-- PROBLEM REQUIREMENTS --
Without copying any picture, transcribe exactly the lines of the data below from the one containing "Nine West high heel shoe" through the one containing "Anthropologie Akemi +".

-- PROVIDED INFORMATION --

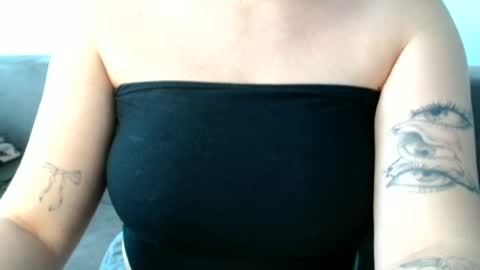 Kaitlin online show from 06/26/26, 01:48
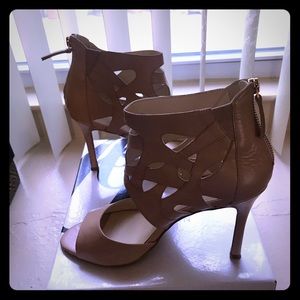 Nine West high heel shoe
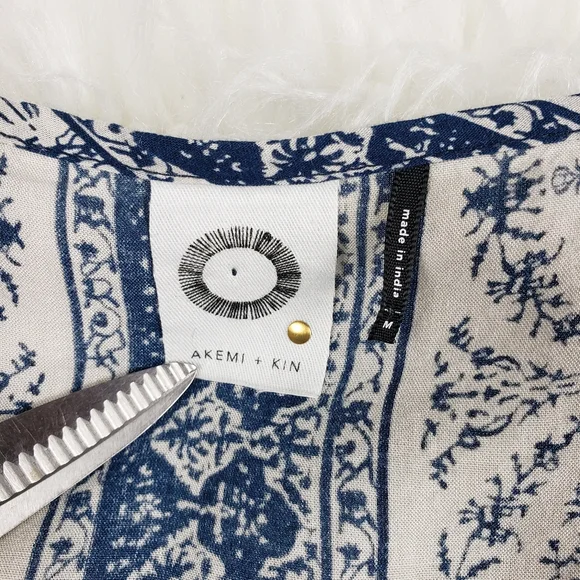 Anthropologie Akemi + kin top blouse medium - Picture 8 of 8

--

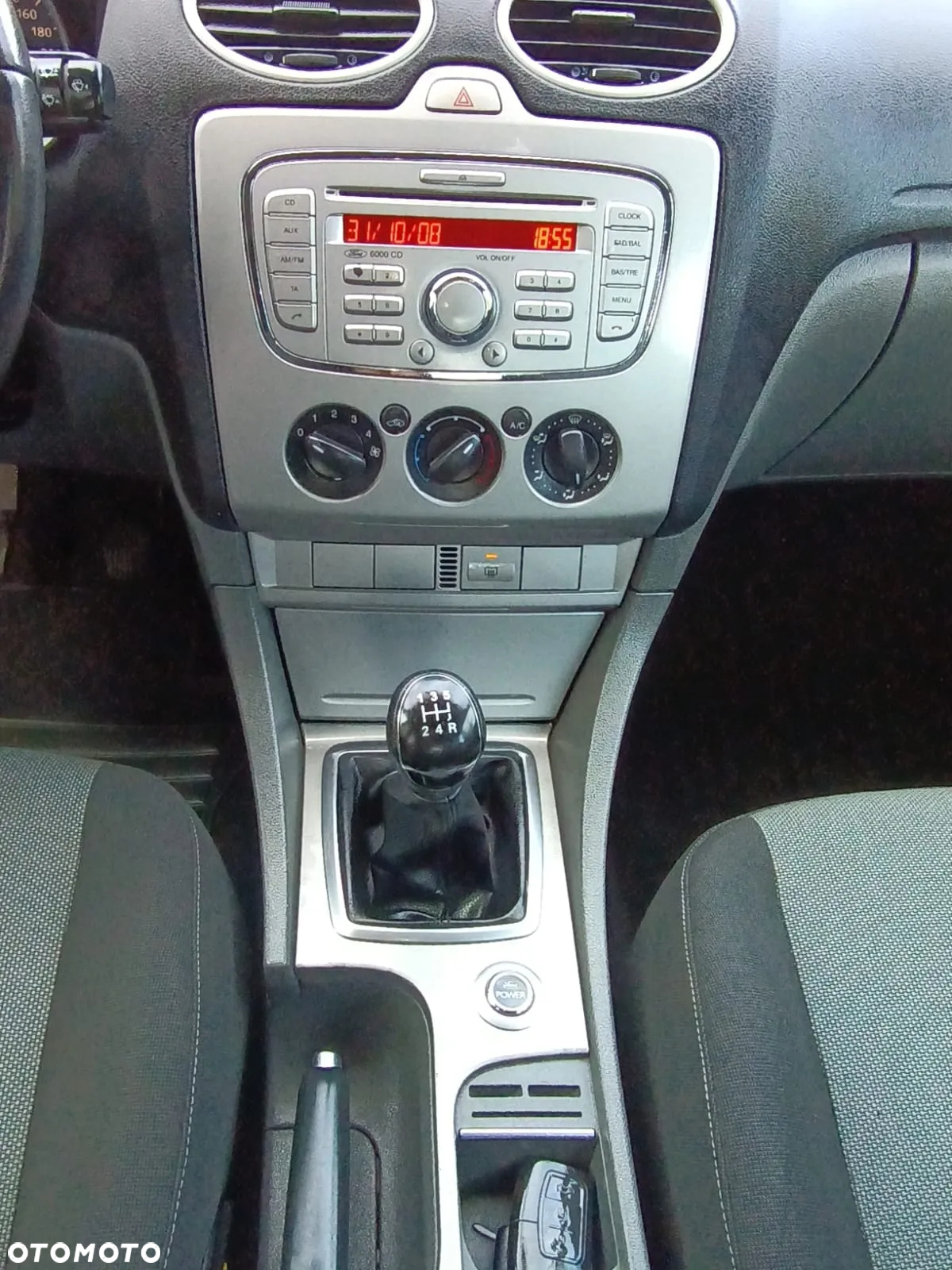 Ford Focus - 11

==

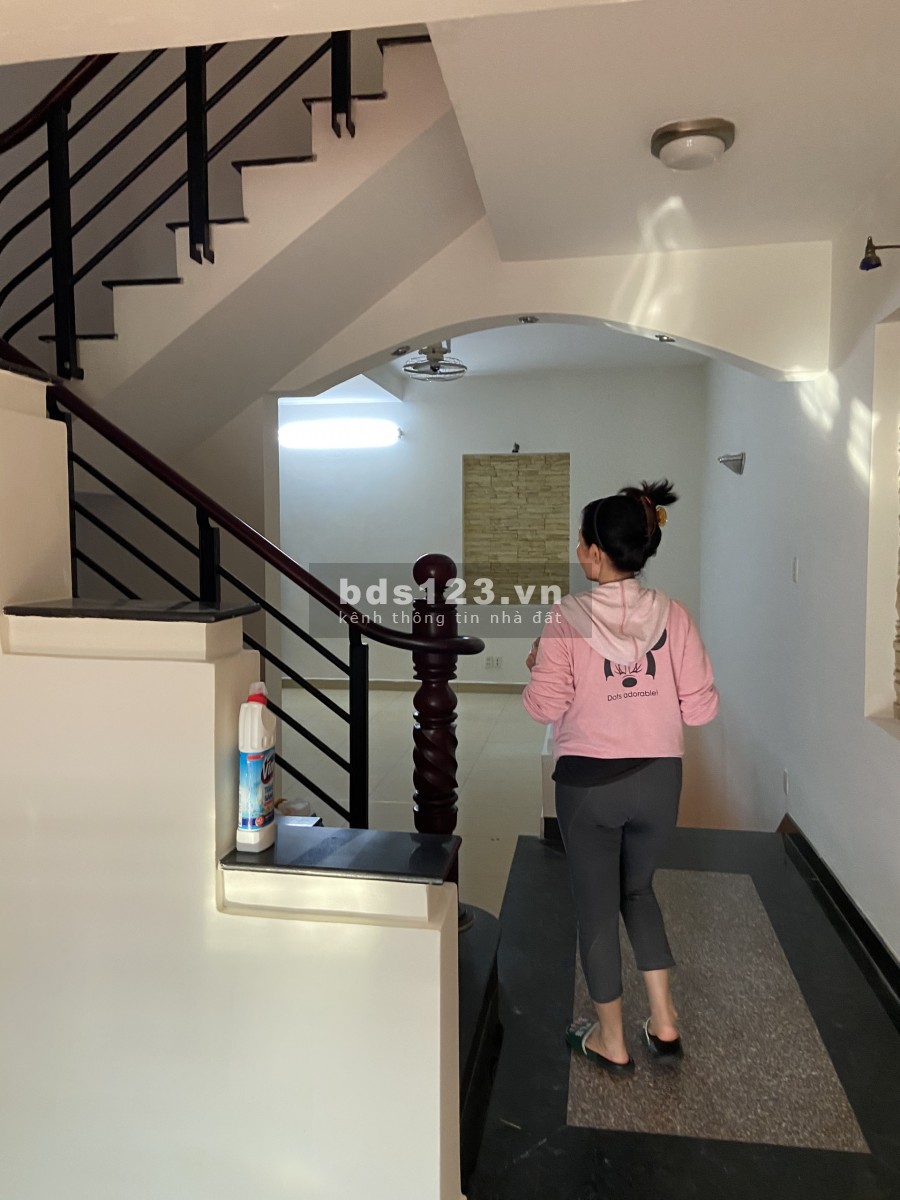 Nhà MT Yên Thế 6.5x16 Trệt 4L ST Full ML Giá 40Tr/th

-- RESULT FOR THIS TASK --
 Nine West high heel shoe
 Anthropologie Akemi + kin top blouse medium - Picture 8 of 8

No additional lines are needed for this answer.